伊緒は立ち上がるとタイトスカートを直し、ソファのひじ掛けにかけていたスーツを羽織る。パンツスーツのシリルも立ち上がる。
「さあて、そろそろいい時間かな。じゃあ彩希、悪いけどお留守番よろしくね。本当に助かったよ」
「うん。楽しんできて、なんて言える様な旅行じゃないだろうけど何事もなく無事帰って来てね」
「ありがと。

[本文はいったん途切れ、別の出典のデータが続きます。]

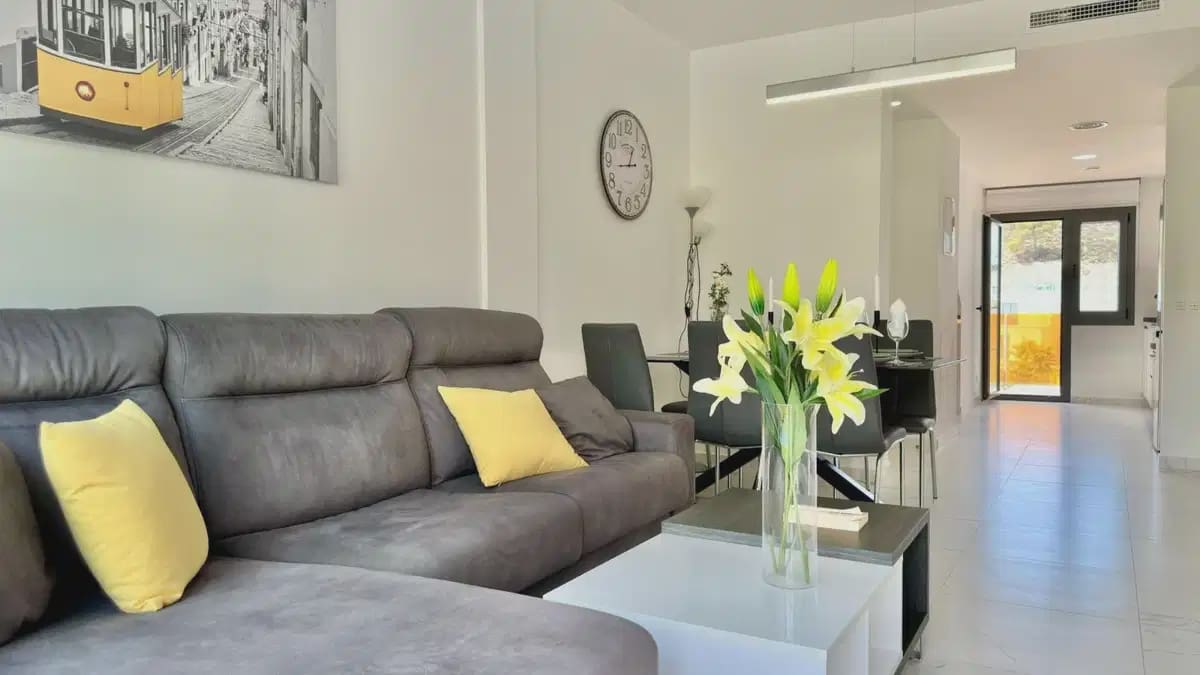 2 Zimmer Penthouse zu verkaufen in Finestrat - 355.000 € (Ref: 9872118)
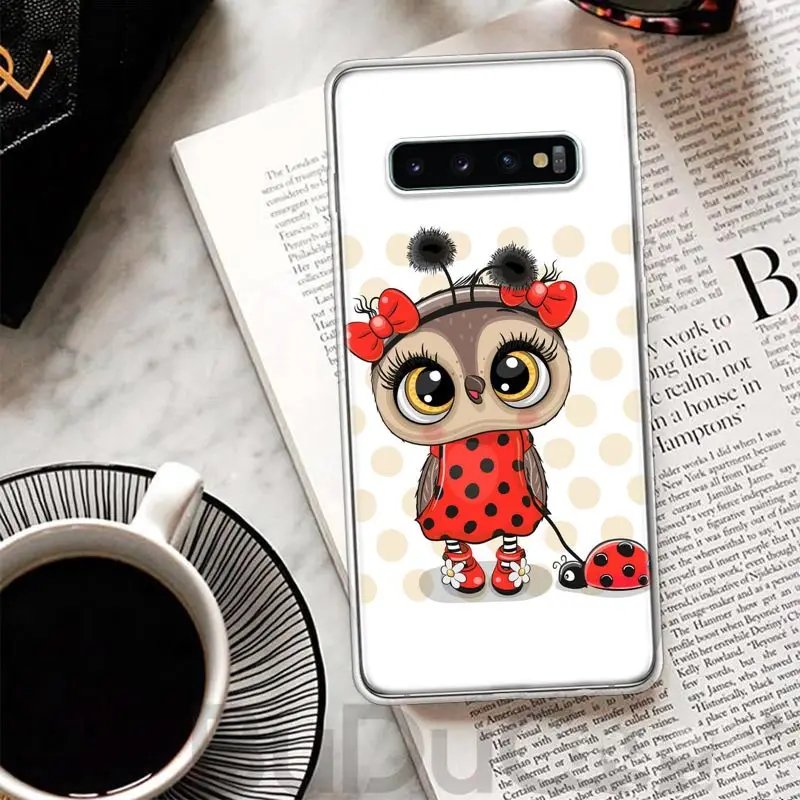 Чехол для телефона Samsung Galaxy S23 S22 S24 Ultra S21 Plus S20 FE S10 + S10E S9 S8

ああ、お礼はアイスで」
ウィンクをする伊緒に彩希は色々な意味で動揺する。
「げっ」
「ふふっ、あちらでいいお酒でも見つけたら買ってきますね。何かお好みとかありますか」
「麦焼酎の鴛鴦があれば最高なんですが、これがなかなかなくて……」
「探してみるよ、じゃああとはよろしくね」
「マイアもいい子にしておばさんの言う事を聞くのよ」
「おばっ」
「はあい、いってらっしゃあい」
玄関で彩希とマイアは手を振って伊緒とシリルを見送る。玄関の戸締りをした後彩希はいたずらっぽい目でマイアの方を向く。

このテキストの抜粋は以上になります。